How about starting a political party of fascists? Not the most obvious course of action to many people, but Little Malcolm was not your obvious kind of film. It was an adaptation of David Halliwell's sixties theatrical play, dealing with the attitudes to fascism and how one man's target for lampoonery can be another man's corrosive and dangerous ideology. Not that it would have you rolling around on the floor, as what humour there was turned out rather bitter and awkward, as was fitting its characters, but this was not as difficult a play as might have seemed on the surface.

Five years before Monty Python's Life of Brian, here was George Harrison flexing his cinematic muscles as producer and essentially financial backer to the production, presumably because the subject matter appealled to him, being fond of material out of the norm, even challenging to some extent, in his cinema. Thus while Little Malcolm was not exactly visually arresting, being shot mainly on some of the dingiest locations the filmmakers could have found with pokey bedsits and chilly wasteground its speciality (a fall of snow only adds to the bleakness of the imagery), it was more in its thoughts that it went for the confrontational.

The cast, it had to be said, were notably overage to be playing young art students, evidently hired for their thespian skills over their physical qualities, which paid off to an extent, as you quickly forget about their appearance and become intrigued by where the plot is going. Much of the first half is made up of the plans to kidnap and humiliate, perhaps even murder, the tutor who Malcolm feels affronted by, and resembles a more serious predecessor to groundbreaking eighties sitcom The Young Ones, complete with lightly surreal episodes and humour drawn from the clash of character, especially between Malcolm and hanger-on Nipple (David Warner) who remains sceptical but is too much of an oddball to want to hang around with anyone else.

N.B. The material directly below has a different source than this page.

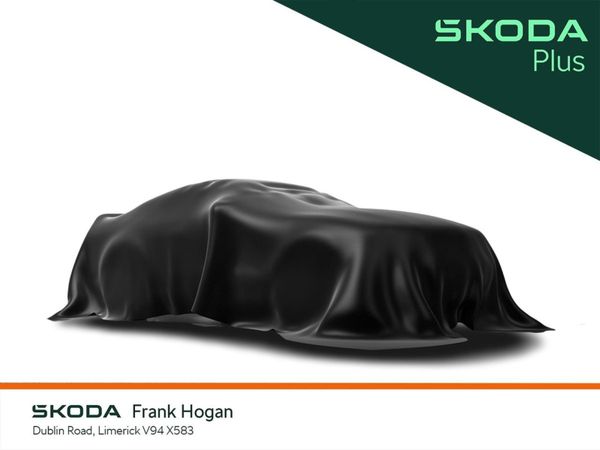 Skoda Kodiaq SUV, Diesel, 2024, Black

During this half we get scenes of the four members of this would-be vital political force arseing about, but there's another character who is even more sceptical than Nipple, and she's the girl who initially wishes to be romantically involved with Malcolm until she sees through his supposedly charismatic, actually morally barren posturing. Ann (Rosalind Ayres) only really has two scenes of any great significance, but she both brings out the point that ideological bully boys can be both ridiculed and sneered at, but also can turn nasty, even violent, when they outnumber their more reasonable and lucid opponents. It's this dichotomy between making fun of the extreme right wing and recognising that it is not something to be entertained that creates the tension, and if there's no way the film version escapes its theatrical origins, it was a valuable record of a play that could have easily been forgotten - although the film wasn't exactly a blockbuster, far from it. Music by Stanley Myers.